Assignment.
Exact transcription, pictures omitted: reproduce the listing below.
Segment Start: Data extract
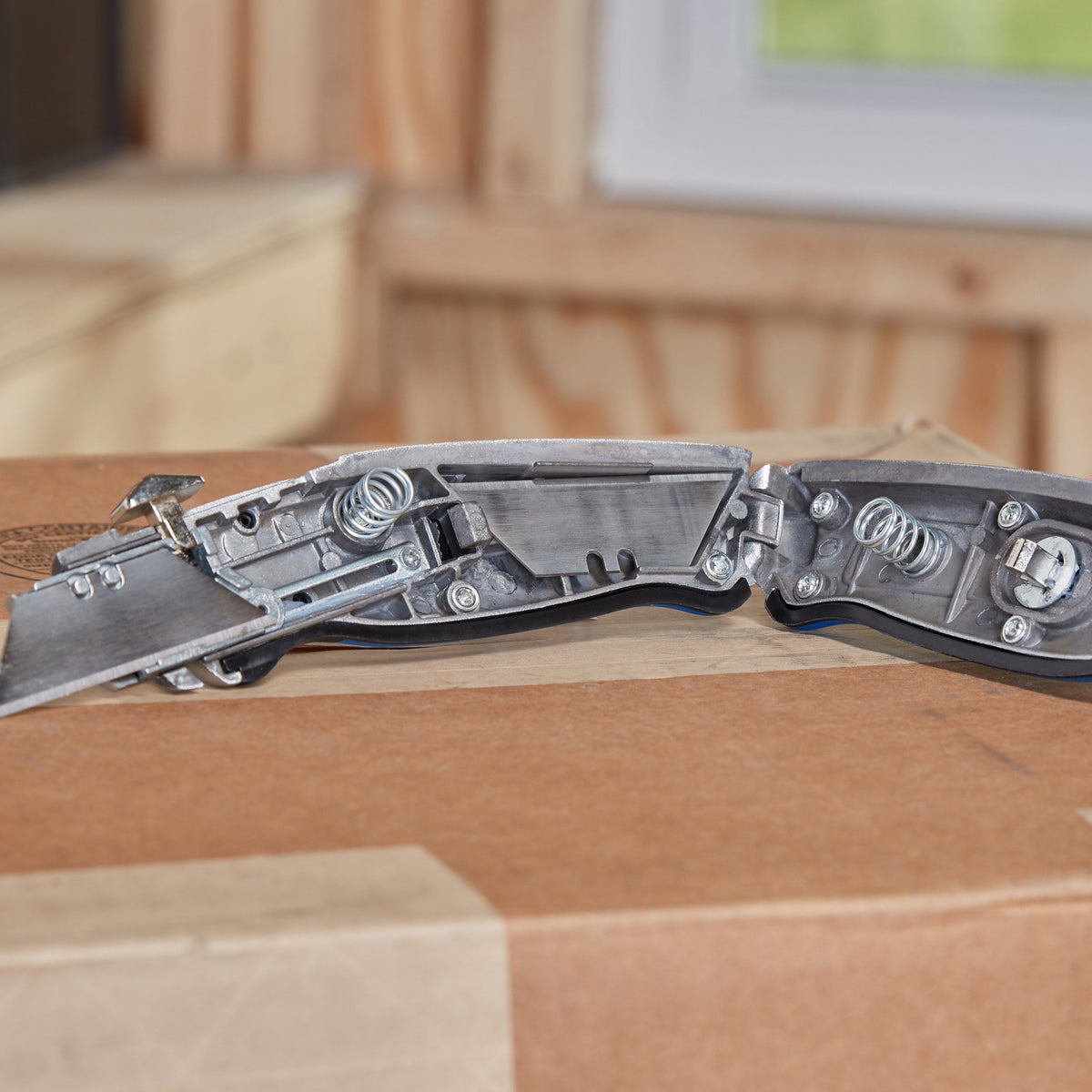 Kobalt 3-Blade Retractable Utility Knife with On-Tool Blade Storage, 3/4-in Blade Width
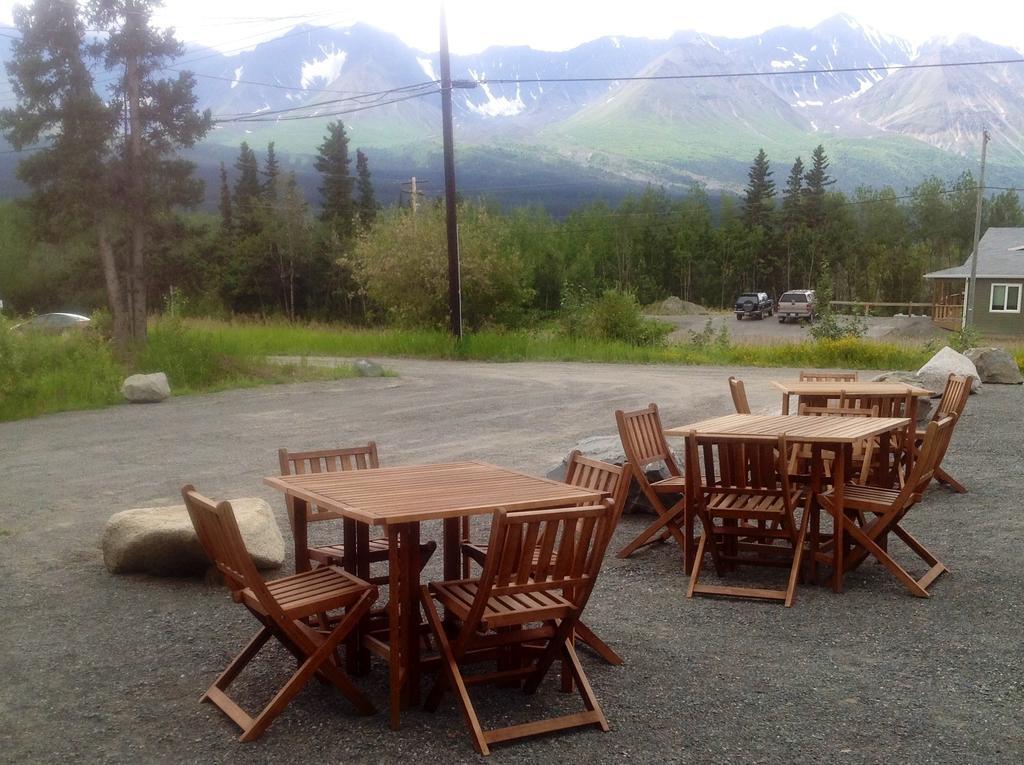 Parkside Inn Haines Junction Exteriör bild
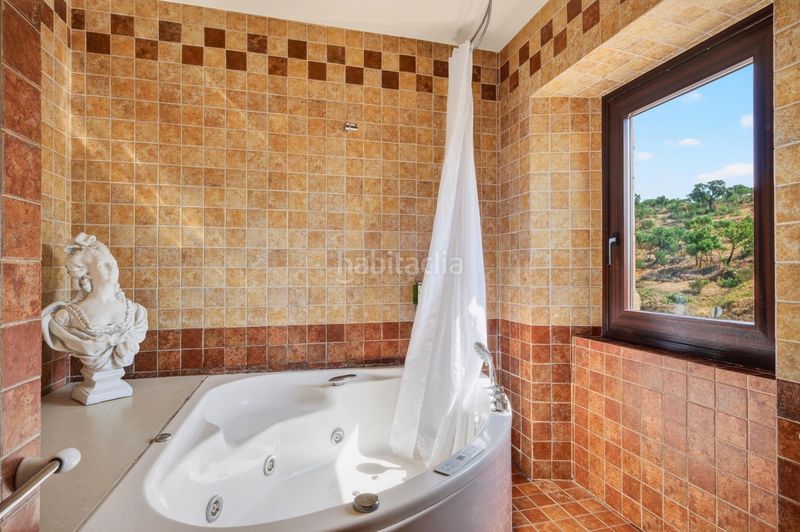 Foto dda837e7-2f48-4070-bc7b-a3285fe9f399. Xalet amb aparcament piscina a Mollet de Peralada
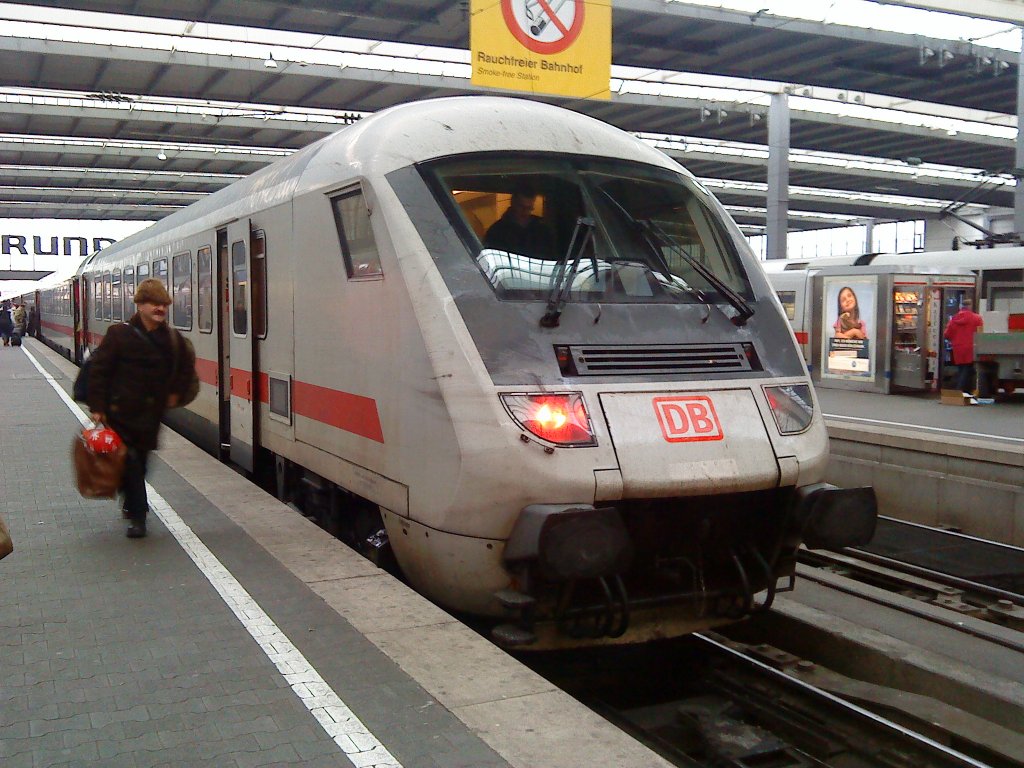 Ein InterCity Steuerwagen (Bpmbdzf) in Mnchen Hauptbahnhof am 22.12.2008.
Segment End: Data extract
Finished exercise.
 Kobalt 3-Blade Retractable Utility Knife with On-Tool Blade Storage, 3/4-in Blade Width
 Parkside Inn Haines Junction Exteriör bild
 Foto dda837e7-2f48-4070-bc7b-a3285fe9f399. Xalet amb aparcament piscina a Mollet de Peralada
 Ein InterCity Steuerwagen (Bpmbdzf) in Mnchen Hauptbahnhof am 22.12.2008.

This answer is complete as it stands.